Today we learn about social engineering, or lying to employees to gain sensitive info. When making phony calls, Dupuis recommends not calling the president's secretary, who is trained to be suspicious. "Usually a woman has more facility to do social engineering," he notes, because people trust women more. Several guys smirk at me. It's good to know I have career options.

DAY 3, 4:30 P.M.
Now comes the field trip. After a long day of talking about how easy it can be to crack wireless networks, the class is going "war-driving." We pile into a white bus and cruise downtown D.C. with laptops and special software to look for open wireless networks. Most students have souped-up antennas, and as we inch through traffic the bus fills with laptop pings and shouts as the gang picks up wireless signals:the AFL-CIO, the Pan American Health Organization, Starbucks.
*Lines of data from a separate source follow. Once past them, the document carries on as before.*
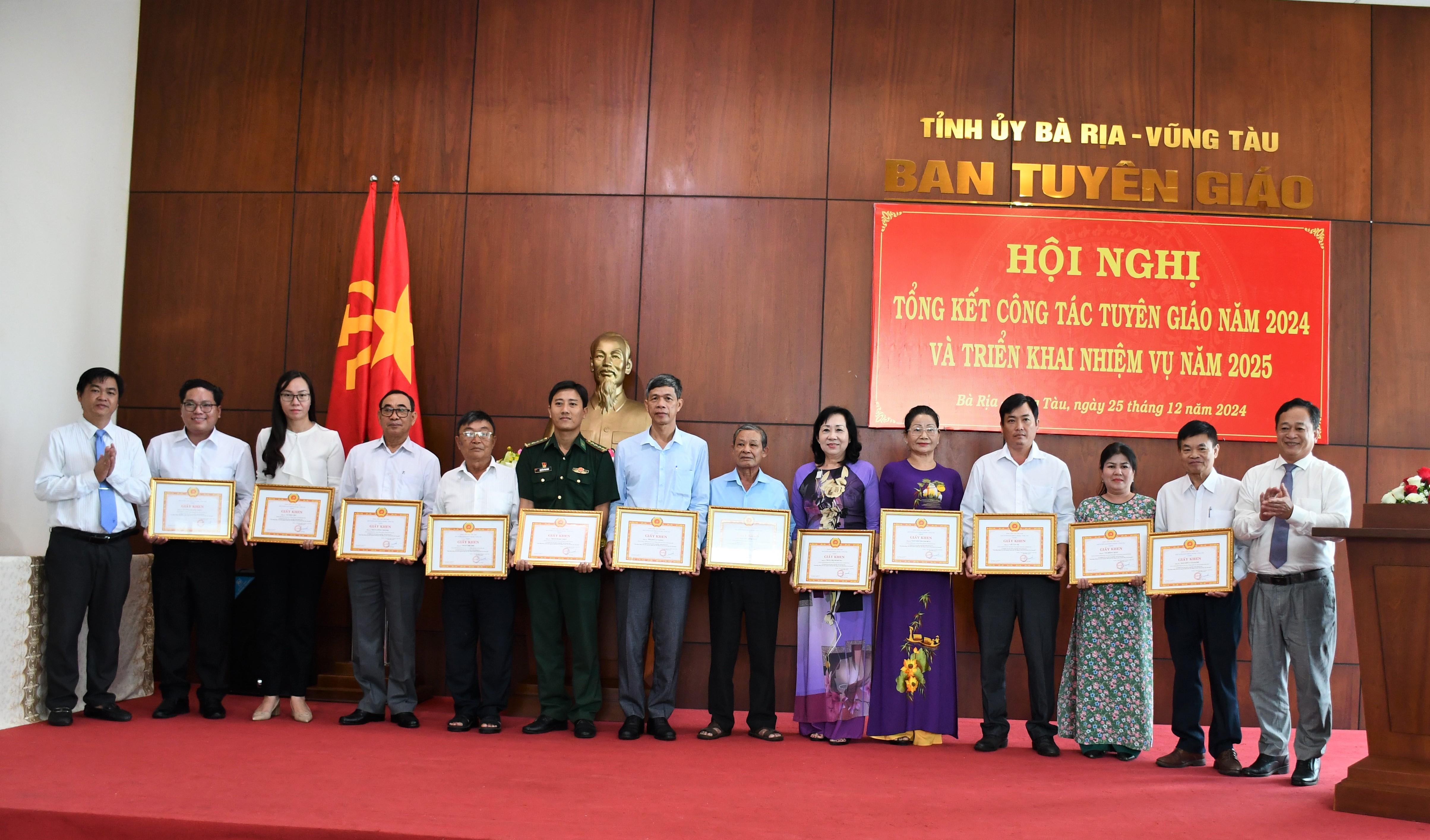 Ông Lê Văn Lâm, Phó Trưởng Ban Thường trực Ban Tuyên giáo Tỉnh ủy và ông Lê Văn Lâm, Phó Trưởng Ban Tuyên giáo Tỉnh ủy trao Giấy khen cho cá nhân có thành tích tiêu biểu trong thực hiện phong trào 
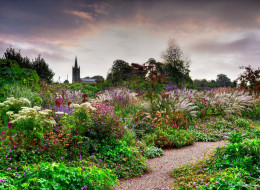 Patthana Garden położony jest w irlandzkiej miejscowości Kiltegan, należy on do Simona Kirby'ego i artysty T.J. Mahera, jest jednym z najmniejszych ukrytych ogrodów w kraju. Na każdym kroku widać artystyczną duszę właściciela, szczególnie malarskie usposobienie, przejawiające się w doborze kolorów i struktur nasadzeń.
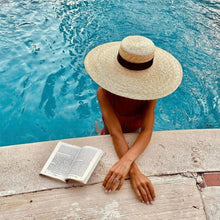 Load image into Gallery viewer, Simple And Fashionable Straw Hat

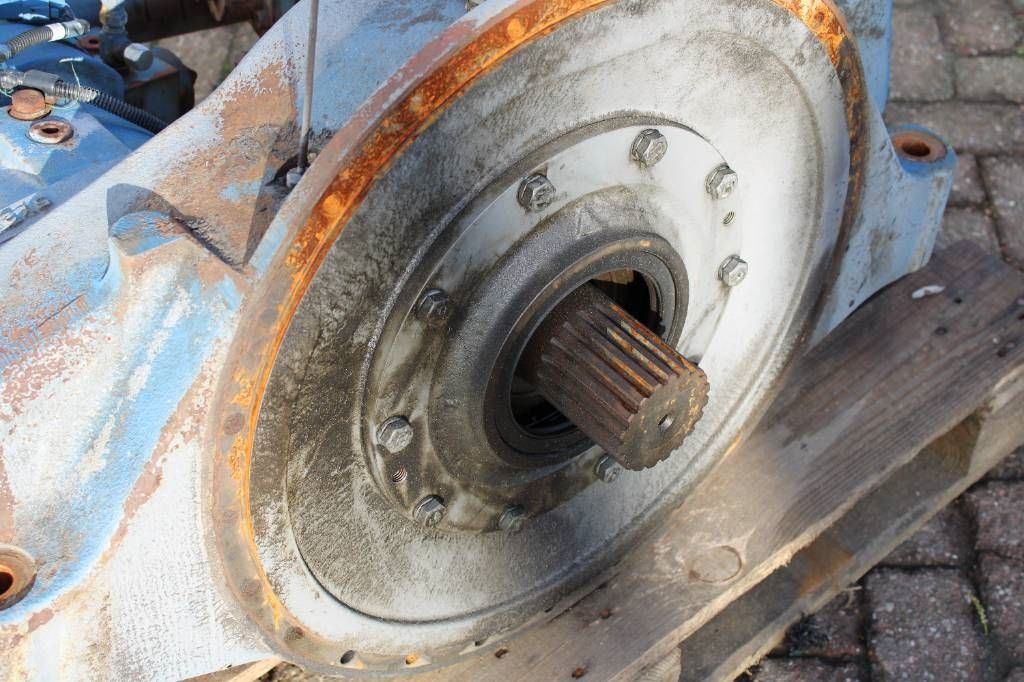 Hydraulic Pump Hitachi EX550 Uchida-Rexroth A7V025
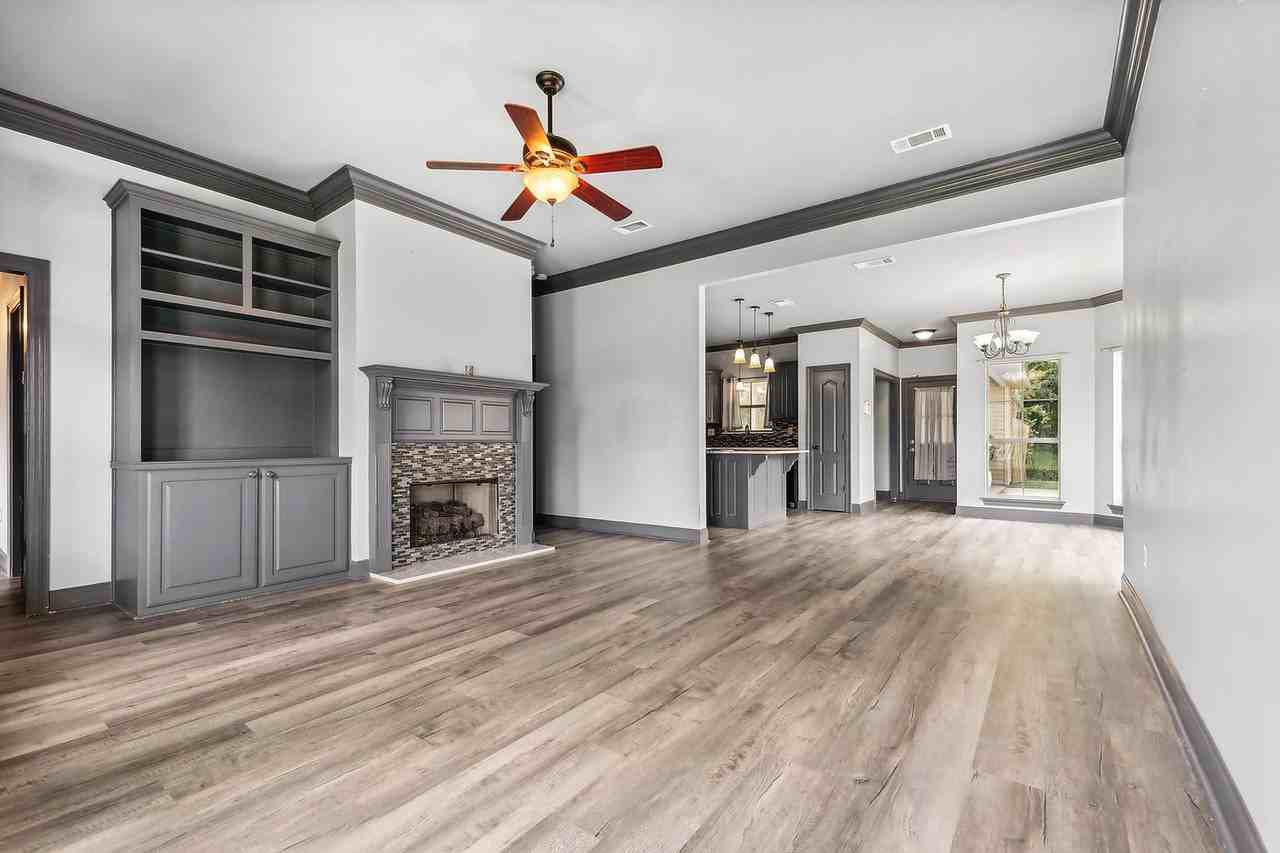 13384 Reid Dr - Photo 2 of 15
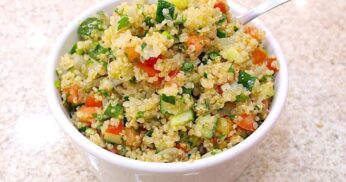 Salada de quinoa com legumes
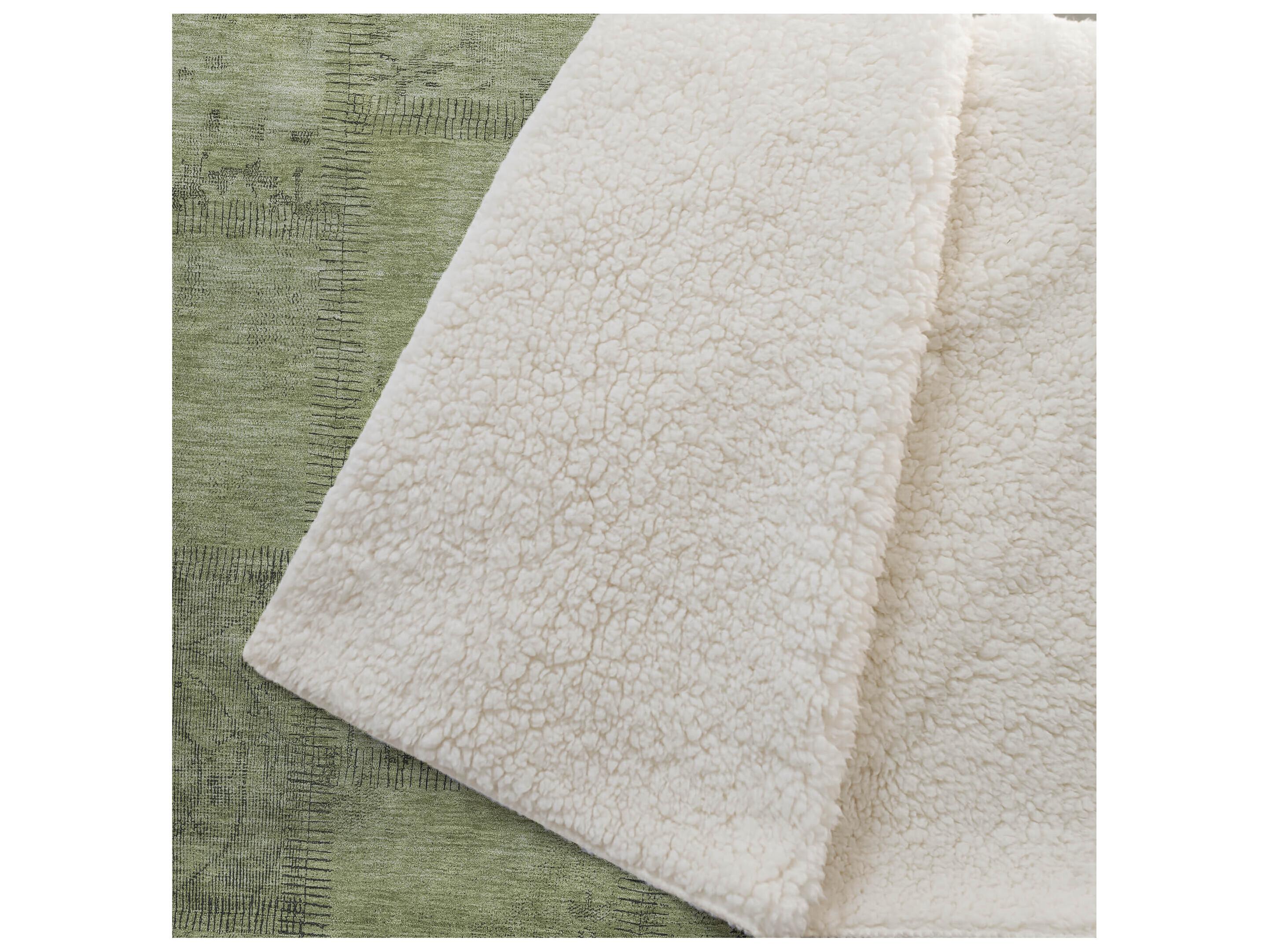 Dalyn Sherpa Green Polyester Throw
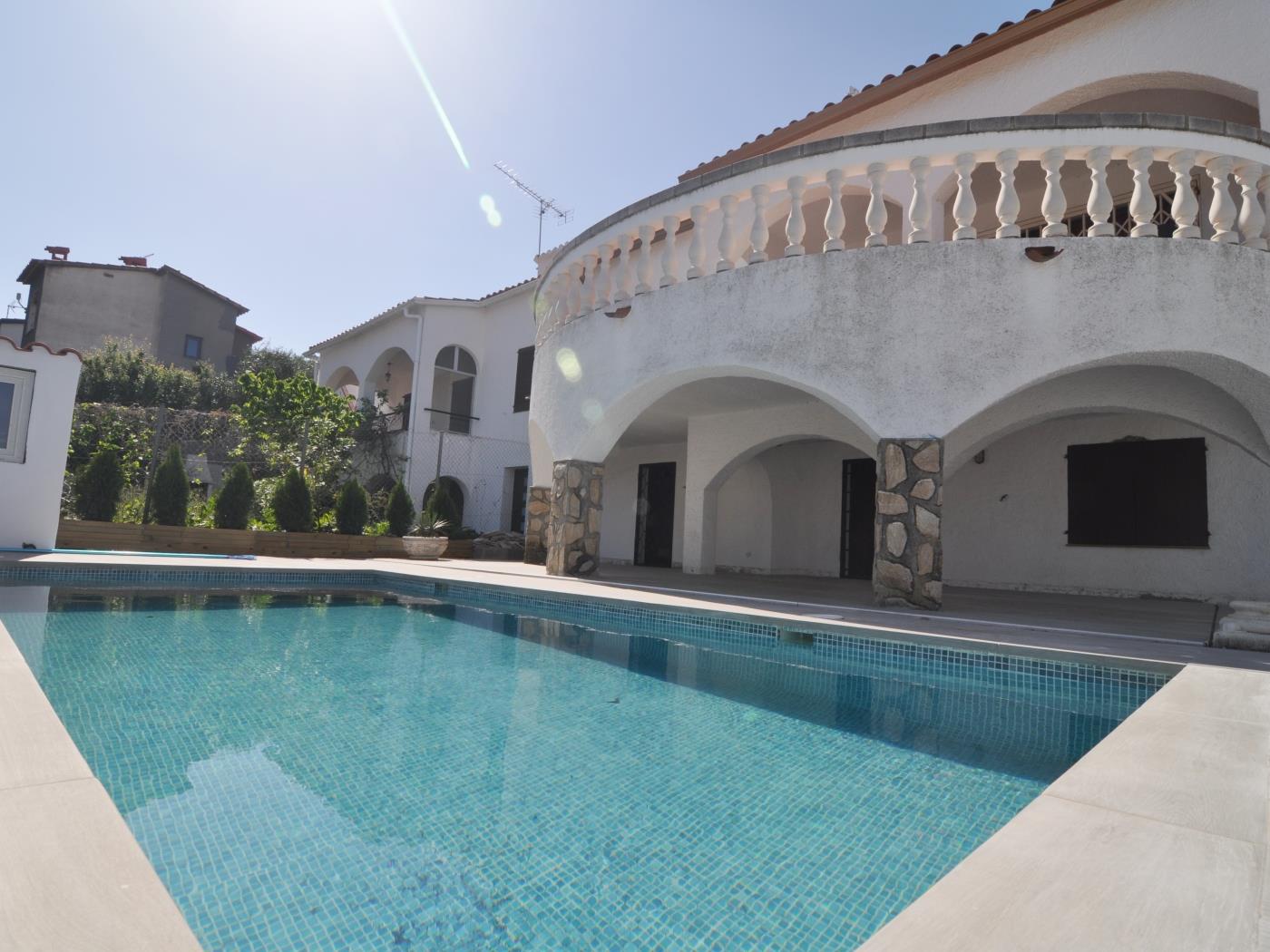 Casa muy amplia con gran terraza y piscina privada en l'Escala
But Richard's screen is blank; the self-appointed class clown doesn't have an add-on antenna on his Dell. "Look, you guys, my antenna's really small!"he shouts. Sniggers all around.

At dinner (Applebee's), Mark Johnson, a Microsoftie from Austin, Tex., says he identified 342 wireless access points on the field trip. Only 131 were encrypted. The rest are fair game for hackers.

DAY 4
The syllabus calls for keystroke-monitoring, sniffing and password-hacking, as well as host and vulnerability scanning. It's a how-to on taking over firewalls and routers and using them to watch what users are typing to grab their passwords, among other nefarious uses. I'm afraid the whole day will go right over my head, so I skip it.

DAY 5 This class is on "spoofing" (pretending to be a different user), "vulnerability research" (figuring out where the weak link is in a program) and the finer points of hacking Web applications. In other words, way too advanced for me.

DAY 6, 3 P.M.
Everyone heads off to cram for the exam (19 of us take it; all but one pass). What will they do differently now that they know how hackers operate? Several are excited to play with the hacker-tools CD that Dupuis handed out. Says Jeffrey Sovel, from GE Medical Systems in Ann Arbor, Mich.: "I'm definitely going to be more paranoid now."